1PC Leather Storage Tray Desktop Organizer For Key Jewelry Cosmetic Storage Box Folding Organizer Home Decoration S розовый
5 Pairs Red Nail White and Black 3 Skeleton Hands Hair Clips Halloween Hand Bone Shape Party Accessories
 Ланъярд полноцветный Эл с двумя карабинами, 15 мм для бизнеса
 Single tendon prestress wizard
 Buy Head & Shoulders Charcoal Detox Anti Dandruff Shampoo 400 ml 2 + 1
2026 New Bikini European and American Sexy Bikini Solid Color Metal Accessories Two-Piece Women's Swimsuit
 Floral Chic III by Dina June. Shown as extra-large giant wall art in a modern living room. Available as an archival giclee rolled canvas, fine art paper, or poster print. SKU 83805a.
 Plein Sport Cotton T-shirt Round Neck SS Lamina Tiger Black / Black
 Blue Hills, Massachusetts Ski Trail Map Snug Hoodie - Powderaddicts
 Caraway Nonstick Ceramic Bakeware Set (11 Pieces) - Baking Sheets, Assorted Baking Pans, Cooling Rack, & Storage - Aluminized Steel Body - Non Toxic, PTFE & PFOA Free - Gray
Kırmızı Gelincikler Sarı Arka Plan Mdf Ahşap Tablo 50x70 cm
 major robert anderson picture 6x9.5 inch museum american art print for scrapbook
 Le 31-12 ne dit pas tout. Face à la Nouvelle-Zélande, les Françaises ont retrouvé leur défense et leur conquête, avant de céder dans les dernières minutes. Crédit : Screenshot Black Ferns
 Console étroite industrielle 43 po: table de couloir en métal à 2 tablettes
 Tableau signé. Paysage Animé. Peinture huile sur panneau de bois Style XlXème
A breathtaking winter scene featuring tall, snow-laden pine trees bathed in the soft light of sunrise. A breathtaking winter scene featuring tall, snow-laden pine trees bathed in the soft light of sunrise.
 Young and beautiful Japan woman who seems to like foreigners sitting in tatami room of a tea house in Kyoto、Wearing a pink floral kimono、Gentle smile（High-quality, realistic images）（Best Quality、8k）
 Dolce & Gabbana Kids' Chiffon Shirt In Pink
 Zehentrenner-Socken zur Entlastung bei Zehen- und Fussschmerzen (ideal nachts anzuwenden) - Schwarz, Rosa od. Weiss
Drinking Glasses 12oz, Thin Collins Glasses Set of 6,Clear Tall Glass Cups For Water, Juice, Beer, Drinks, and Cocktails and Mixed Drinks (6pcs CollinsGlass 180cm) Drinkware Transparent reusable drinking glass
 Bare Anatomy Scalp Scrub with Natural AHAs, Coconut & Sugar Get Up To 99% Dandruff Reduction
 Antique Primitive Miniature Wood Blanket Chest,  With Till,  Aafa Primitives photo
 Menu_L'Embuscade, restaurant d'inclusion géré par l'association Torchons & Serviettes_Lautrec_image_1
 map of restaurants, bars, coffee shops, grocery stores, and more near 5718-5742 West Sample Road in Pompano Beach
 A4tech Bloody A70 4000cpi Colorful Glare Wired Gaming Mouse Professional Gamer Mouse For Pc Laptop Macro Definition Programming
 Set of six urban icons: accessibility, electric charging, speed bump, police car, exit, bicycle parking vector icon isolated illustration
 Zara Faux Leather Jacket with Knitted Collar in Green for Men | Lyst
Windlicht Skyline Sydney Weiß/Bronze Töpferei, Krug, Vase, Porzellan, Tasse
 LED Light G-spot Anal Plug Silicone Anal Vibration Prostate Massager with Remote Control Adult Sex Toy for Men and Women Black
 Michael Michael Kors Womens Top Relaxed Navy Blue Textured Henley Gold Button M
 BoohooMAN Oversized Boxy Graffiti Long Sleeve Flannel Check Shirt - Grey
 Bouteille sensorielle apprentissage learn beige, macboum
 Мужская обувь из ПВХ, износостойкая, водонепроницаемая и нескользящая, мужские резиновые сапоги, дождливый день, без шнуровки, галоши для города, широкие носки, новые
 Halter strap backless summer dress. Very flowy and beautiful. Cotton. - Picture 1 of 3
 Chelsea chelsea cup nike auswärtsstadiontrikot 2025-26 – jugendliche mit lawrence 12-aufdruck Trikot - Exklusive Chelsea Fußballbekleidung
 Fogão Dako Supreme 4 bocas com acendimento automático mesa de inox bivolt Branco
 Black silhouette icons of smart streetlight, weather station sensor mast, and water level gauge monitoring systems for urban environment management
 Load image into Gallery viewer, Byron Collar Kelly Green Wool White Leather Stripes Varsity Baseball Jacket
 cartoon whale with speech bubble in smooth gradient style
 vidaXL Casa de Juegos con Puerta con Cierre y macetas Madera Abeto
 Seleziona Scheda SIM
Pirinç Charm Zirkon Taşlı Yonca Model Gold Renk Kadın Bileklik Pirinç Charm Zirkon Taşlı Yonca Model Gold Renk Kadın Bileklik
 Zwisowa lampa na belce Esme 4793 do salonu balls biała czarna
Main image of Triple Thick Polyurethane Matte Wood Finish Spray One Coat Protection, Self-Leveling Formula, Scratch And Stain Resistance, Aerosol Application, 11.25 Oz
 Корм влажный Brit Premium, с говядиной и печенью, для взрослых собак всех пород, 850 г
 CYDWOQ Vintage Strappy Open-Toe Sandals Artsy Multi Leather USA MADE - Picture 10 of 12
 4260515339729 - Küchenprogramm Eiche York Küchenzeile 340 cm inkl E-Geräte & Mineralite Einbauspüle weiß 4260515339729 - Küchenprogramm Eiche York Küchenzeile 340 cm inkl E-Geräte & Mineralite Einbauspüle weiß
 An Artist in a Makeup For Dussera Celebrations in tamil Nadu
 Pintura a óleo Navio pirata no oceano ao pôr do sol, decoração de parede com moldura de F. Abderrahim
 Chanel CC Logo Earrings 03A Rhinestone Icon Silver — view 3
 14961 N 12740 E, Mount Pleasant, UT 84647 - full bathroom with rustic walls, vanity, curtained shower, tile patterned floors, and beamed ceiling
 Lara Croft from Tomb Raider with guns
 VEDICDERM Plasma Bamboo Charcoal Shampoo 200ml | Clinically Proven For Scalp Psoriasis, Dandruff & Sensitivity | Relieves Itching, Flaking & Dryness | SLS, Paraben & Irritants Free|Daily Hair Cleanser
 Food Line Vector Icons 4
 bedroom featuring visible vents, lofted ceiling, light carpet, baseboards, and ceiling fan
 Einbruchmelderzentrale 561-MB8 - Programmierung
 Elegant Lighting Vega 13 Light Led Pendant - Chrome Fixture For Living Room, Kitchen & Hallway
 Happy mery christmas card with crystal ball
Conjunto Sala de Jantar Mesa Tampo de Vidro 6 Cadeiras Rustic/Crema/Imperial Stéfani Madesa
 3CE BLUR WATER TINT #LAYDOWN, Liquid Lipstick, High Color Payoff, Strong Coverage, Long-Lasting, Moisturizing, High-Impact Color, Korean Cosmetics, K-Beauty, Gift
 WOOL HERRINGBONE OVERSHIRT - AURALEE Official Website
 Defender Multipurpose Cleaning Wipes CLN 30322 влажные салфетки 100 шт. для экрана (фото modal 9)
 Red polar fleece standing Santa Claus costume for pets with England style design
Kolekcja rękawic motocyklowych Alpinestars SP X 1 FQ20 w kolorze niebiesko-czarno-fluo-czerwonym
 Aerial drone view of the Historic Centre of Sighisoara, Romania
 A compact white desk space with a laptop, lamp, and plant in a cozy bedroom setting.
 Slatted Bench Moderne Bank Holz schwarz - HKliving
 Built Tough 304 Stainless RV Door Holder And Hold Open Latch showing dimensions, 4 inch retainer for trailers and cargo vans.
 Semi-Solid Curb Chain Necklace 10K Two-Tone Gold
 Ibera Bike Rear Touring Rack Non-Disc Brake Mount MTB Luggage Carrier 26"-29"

··········

Give the listing above again in full, with no word altered.

__Exercise output__:
1PC Leather Storage Tray Desktop Organizer For Key Jewelry Cosmetic Storage Box Folding Organizer Home Decoration S розовый
5 Pairs Red Nail White and Black 3 Skeleton Hands Hair Clips Halloween Hand Bone Shape Party Accessories
 Ланъярд полноцветный Эл с двумя карабинами, 15 мм для бизнеса
 Single tendon prestress wizard
 Buy Head & Shoulders Charcoal Detox Anti Dandruff Shampoo 400 ml 2 + 1
2026 New Bikini European and American Sexy Bikini Solid Color Metal Accessories Two-Piece Women's Swimsuit
 Floral Chic III by Dina June. Shown as extra-large giant wall art in a modern living room. Available as an archival giclee rolled canvas, fine art paper, or poster print. SKU 83805a.
 Plein Sport Cotton T-shirt Round Neck SS Lamina Tiger Black / Black
 Blue Hills, Massachusetts Ski Trail Map Snug Hoodie - Powderaddicts
 Caraway Nonstick Ceramic Bakeware Set (11 Pieces) - Baking Sheets, Assorted Baking Pans, Cooling Rack, & Storage - Aluminized Steel Body - Non Toxic, PTFE & PFOA Free - Gray
Kırmızı Gelincikler Sarı Arka Plan Mdf Ahşap Tablo 50x70 cm
 major robert anderson picture 6x9.5 inch museum american art print for scrapbook
 Le 31-12 ne dit pas tout. Face à la Nouvelle-Zélande, les Françaises ont retrouvé leur défense et leur conquête, avant de céder dans les dernières minutes. Crédit : Screenshot Black Ferns
 Console étroite industrielle 43 po: table de couloir en métal à 2 tablettes
 Tableau signé. Paysage Animé. Peinture huile sur panneau de bois Style XlXème
A breathtaking winter scene featuring tall, snow-laden pine trees bathed in the soft light of sunrise. A breathtaking winter scene featuring tall, snow-laden pine trees bathed in the soft light of sunrise.
 Young and beautiful Japan woman who seems to like foreigners sitting in tatami room of a tea house in Kyoto、Wearing a pink floral kimono、Gentle smile（High-quality, realistic images）（Best Quality、8k）
 Dolce & Gabbana Kids' Chiffon Shirt In Pink
 Zehentrenner-Socken zur Entlastung bei Zehen- und Fussschmerzen (ideal nachts anzuwenden) - Schwarz, Rosa od. Weiss
Drinking Glasses 12oz, Thin Collins Glasses Set of 6,Clear Tall Glass Cups For Water, Juice, Beer, Drinks, and Cocktails and Mixed Drinks (6pcs CollinsGlass 180cm) Drinkware Transparent reusable drinking glass
 Bare Anatomy Scalp Scrub with Natural AHAs, Coconut & Sugar Get Up To 99% Dandruff Reduction
 Antique Primitive Miniature Wood Blanket Chest,  With Till,  Aafa Primitives photo
 Menu_L'Embuscade, restaurant d'inclusion géré par l'association Torchons & Serviettes_Lautrec_image_1
 map of restaurants, bars, coffee shops, grocery stores, and more near 5718-5742 West Sample Road in Pompano Beach
 A4tech Bloody A70 4000cpi Colorful Glare Wired Gaming Mouse Professional Gamer Mouse For Pc Laptop Macro Definition Programming
 Set of six urban icons: accessibility, electric charging, speed bump, police car, exit, bicycle parking vector icon isolated illustration
 Zara Faux Leather Jacket with Knitted Collar in Green for Men | Lyst
Windlicht Skyline Sydney Weiß/Bronze Töpferei, Krug, Vase, Porzellan, Tasse
 LED Light G-spot Anal Plug Silicone Anal Vibration Prostate Massager with Remote Control Adult Sex Toy for Men and Women Black
 Michael Michael Kors Womens Top Relaxed Navy Blue Textured Henley Gold Button M
 BoohooMAN Oversized Boxy Graffiti Long Sleeve Flannel Check Shirt - Grey
 Bouteille sensorielle apprentissage learn beige, macboum
 Мужская обувь из ПВХ, износостойкая, водонепроницаемая и нескользящая, мужские резиновые сапоги, дождливый день, без шнуровки, галоши для города, широкие носки, новые
 Halter strap backless summer dress. Very flowy and beautiful. Cotton. - Picture 1 of 3
 Chelsea chelsea cup nike auswärtsstadiontrikot 2025-26 – jugendliche mit lawrence 12-aufdruck Trikot - Exklusive Chelsea Fußballbekleidung
 Fogão Dako Supreme 4 bocas com acendimento automático mesa de inox bivolt Branco
 Black silhouette icons of smart streetlight, weather station sensor mast, and water level gauge monitoring systems for urban environment management
 Load image into Gallery viewer, Byron Collar Kelly Green Wool White Leather Stripes Varsity Baseball Jacket
 cartoon whale with speech bubble in smooth gradient style
 vidaXL Casa de Juegos con Puerta con Cierre y macetas Madera Abeto
 Seleziona Scheda SIM
Pirinç Charm Zirkon Taşlı Yonca Model Gold Renk Kadın Bileklik Pirinç Charm Zirkon Taşlı Yonca Model Gold Renk Kadın Bileklik
 Zwisowa lampa na belce Esme 4793 do salonu balls biała czarna
Main image of Triple Thick Polyurethane Matte Wood Finish Spray One Coat Protection, Self-Leveling Formula, Scratch And Stain Resistance, Aerosol Application, 11.25 Oz
 Корм влажный Brit Premium, с говядиной и печенью, для взрослых собак всех пород, 850 г
 CYDWOQ Vintage Strappy Open-Toe Sandals Artsy Multi Leather USA MADE - Picture 10 of 12
 4260515339729 - Küchenprogramm Eiche York Küchenzeile 340 cm inkl E-Geräte & Mineralite Einbauspüle weiß 4260515339729 - Küchenprogramm Eiche York Küchenzeile 340 cm inkl E-Geräte & Mineralite Einbauspüle weiß
 An Artist in a Makeup For Dussera Celebrations in tamil Nadu
 Pintura a óleo Navio pirata no oceano ao pôr do sol, decoração de parede com moldura de F. Abderrahim
 Chanel CC Logo Earrings 03A Rhinestone Icon Silver — view 3
 14961 N 12740 E, Mount Pleasant, UT 84647 - full bathroom with rustic walls, vanity, curtained shower, tile patterned floors, and beamed ceiling
 Lara Croft from Tomb Raider with guns
 VEDICDERM Plasma Bamboo Charcoal Shampoo 200ml | Clinically Proven For Scalp Psoriasis, Dandruff & Sensitivity | Relieves Itching, Flaking & Dryness | SLS, Paraben & Irritants Free|Daily Hair Cleanser
 Food Line Vector Icons 4
 bedroom featuring visible vents, lofted ceiling, light carpet, baseboards, and ceiling fan
 Einbruchmelderzentrale 561-MB8 - Programmierung
 Elegant Lighting Vega 13 Light Led Pendant - Chrome Fixture For Living Room, Kitchen & Hallway
 Happy mery christmas card with crystal ball
Conjunto Sala de Jantar Mesa Tampo de Vidro 6 Cadeiras Rustic/Crema/Imperial Stéfani Madesa
 3CE BLUR WATER TINT #LAYDOWN, Liquid Lipstick, High Color Payoff, Strong Coverage, Long-Lasting, Moisturizing, High-Impact Color, Korean Cosmetics, K-Beauty, Gift
 WOOL HERRINGBONE OVERSHIRT - AURALEE Official Website
 Defender Multipurpose Cleaning Wipes CLN 30322 влажные салфетки 100 шт. для экрана (фото modal 9)
 Red polar fleece standing Santa Claus costume for pets with England style design
Kolekcja rękawic motocyklowych Alpinestars SP X 1 FQ20 w kolorze niebiesko-czarno-fluo-czerwonym
 Aerial drone view of the Historic Centre of Sighisoara, Romania
 A compact white desk space with a laptop, lamp, and plant in a cozy bedroom setting.
 Slatted Bench Moderne Bank Holz schwarz - HKliving
 Built Tough 304 Stainless RV Door Holder And Hold Open Latch showing dimensions, 4 inch retainer for trailers and cargo vans.
 Semi-Solid Curb Chain Necklace 10K Two-Tone Gold
 Ibera Bike Rear Touring Rack Non-Disc Brake Mount MTB Luggage Carrier 26"-29"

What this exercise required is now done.